On July, 23 1867, a fire destroyed a portion of the firm’s W. Eighth Street factory causing a $75,000 loss, which was fortunately covered by insurance. A lightning strike in October of 1867 caused a $10,000 loss to the firms’ carpentry shops. Flames from that blaze spread to the white lead factory of Eckstein, Hill & Co, rendering the total loss about $40,000.

Since the mid 1860s Martin H. Crane had been experimenting with rolled sheet iron as a less-expensive alternative to cast iron, and by the end of the decade he had perfected the industry’s first sheet metal casket. Its development also resulted in the firm’s new steam heat and ventilation system division, which was headed by Crane.

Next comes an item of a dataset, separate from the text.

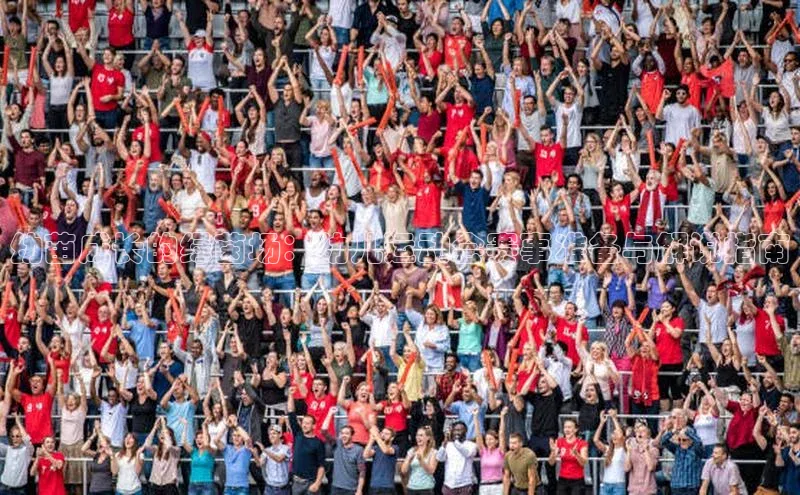 幼苗成长的绿茵场：幼儿运动会赛事准备与解说指南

A publication entitled: “Scientific Ventilation; or Ventilation Based Upon the Motive Power of Heat” was put out by the firm in 1871. A series of bids and contracts followed, some were large, and some were priced too high. In 1873 Crane, Breed & Co. won their $14,000 bid to supply a steam heating and ventilation system for the State of Indiana’s Normal School. In 1876 a $68,493 bid was submitted by the firm to the State of Michigan for a steam heating and ventilation system for their new capital building. Apparently the bid was too high as the contract was awarded to a Massachusetts firm.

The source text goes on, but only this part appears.